Please output the line containing "East West Emerald" and all lines that follow it in the data below, exactly, with no pictures.

Data shown:
++++++
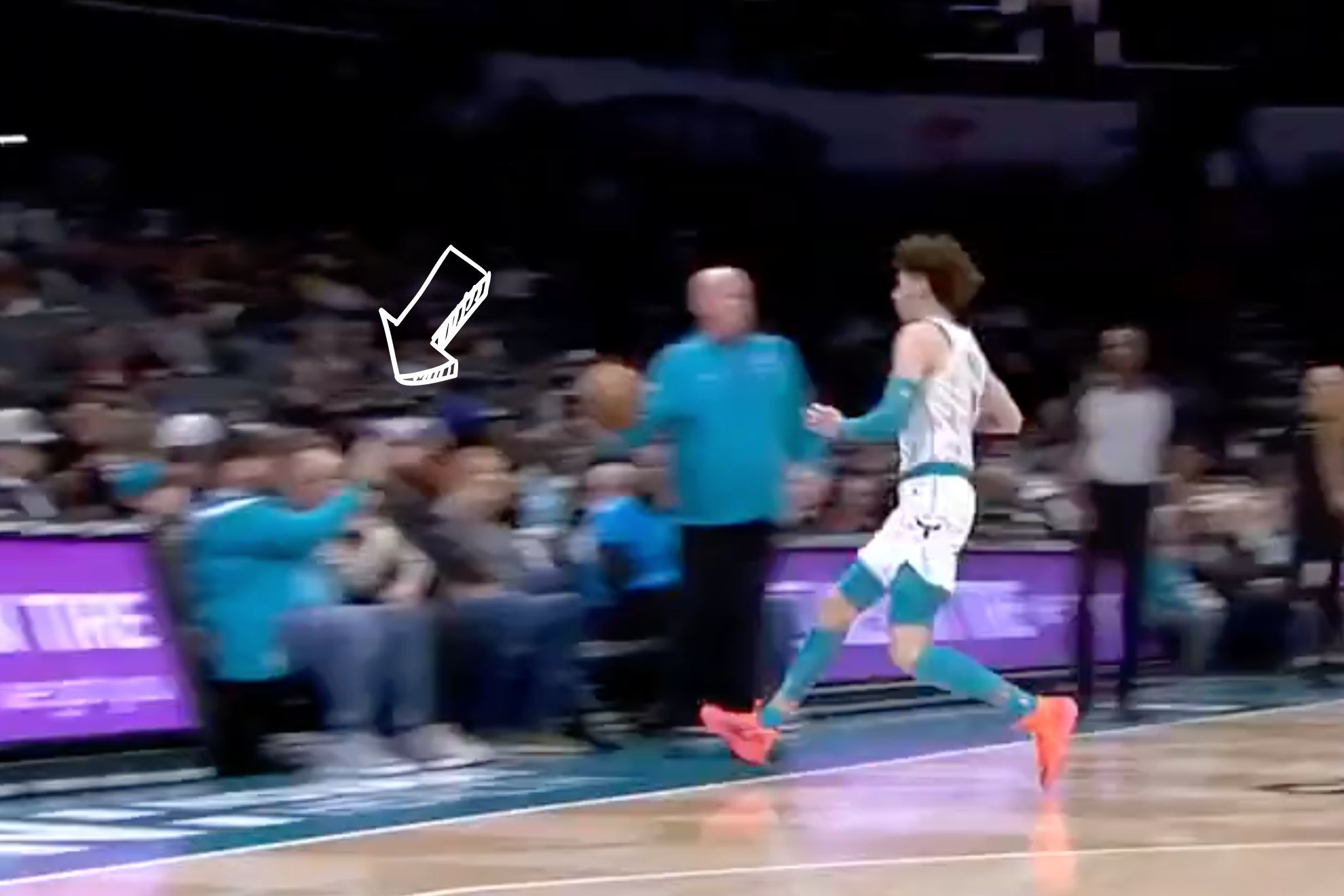 LaMelo Ball, moments before suffering an ankle injury and having to leave the game.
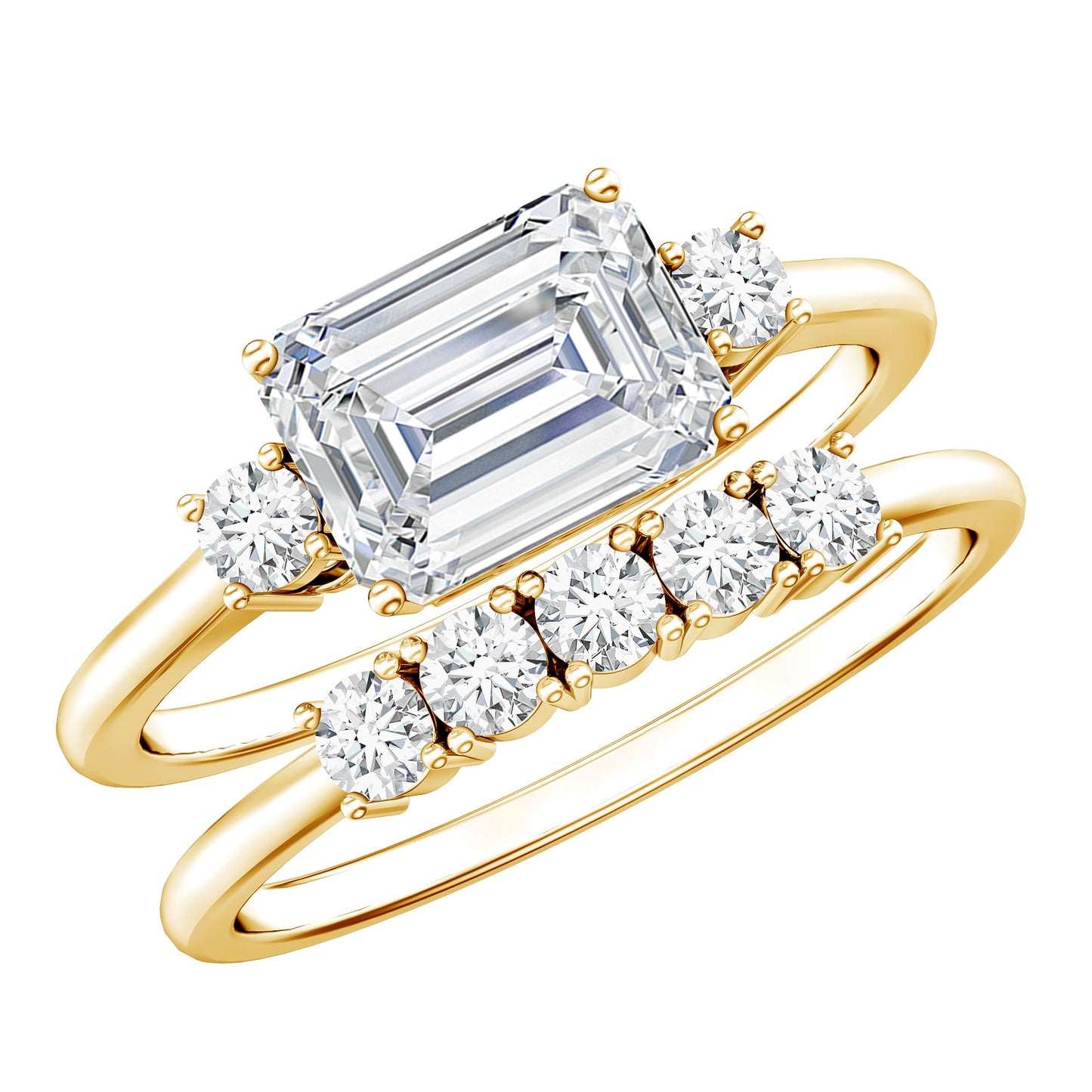 East West Emerald Cut Moissanite Engagement Ring & Wedding Band Set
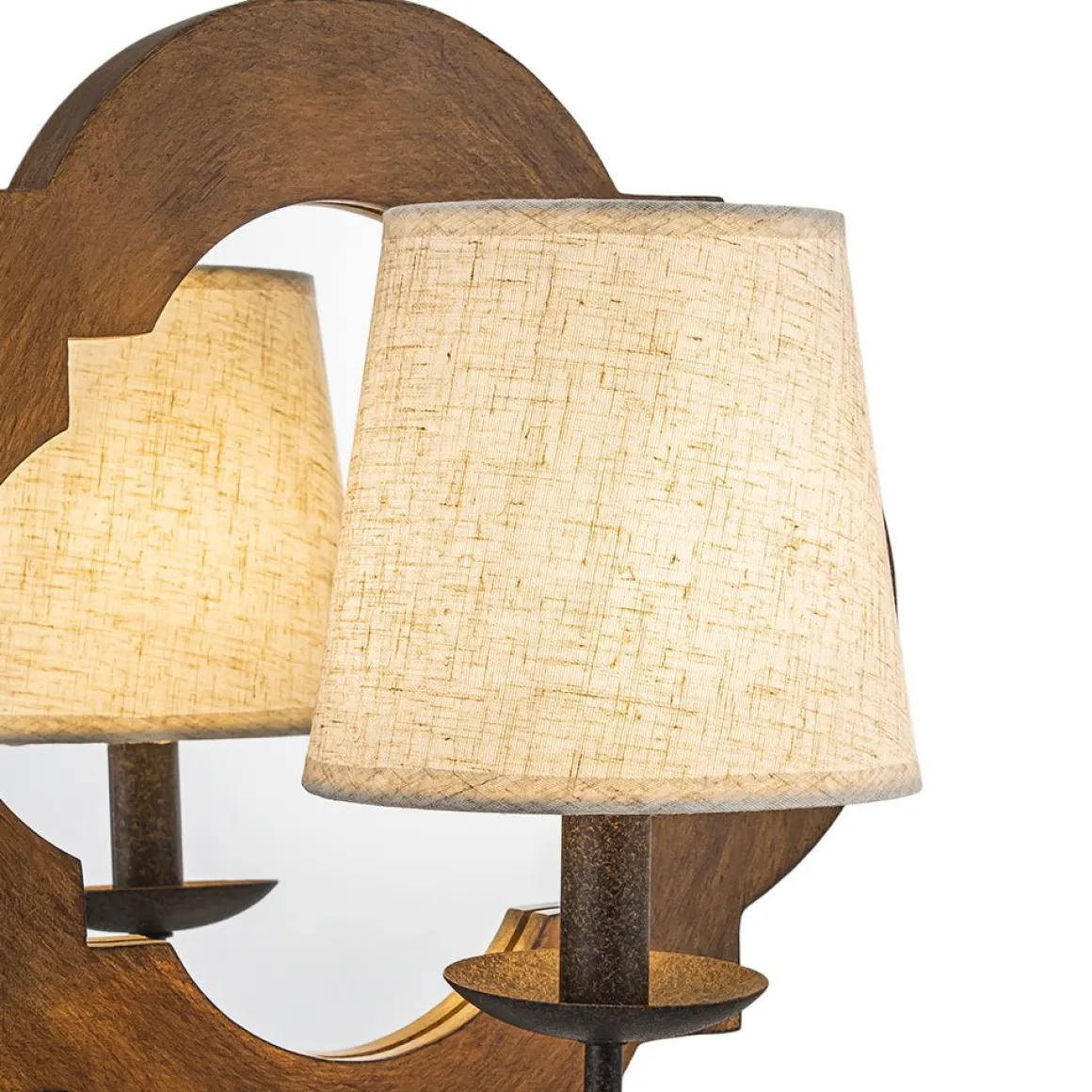 Vintage 1-Light Wood Mirror Linen Tapered Shade Wall Sconce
++++++
Output of the task:
 East West Emerald Cut Moissanite Engagement Ring & Wedding Band Set
 Vintage 1-Light Wood Mirror Linen Tapered Shade Wall Sconce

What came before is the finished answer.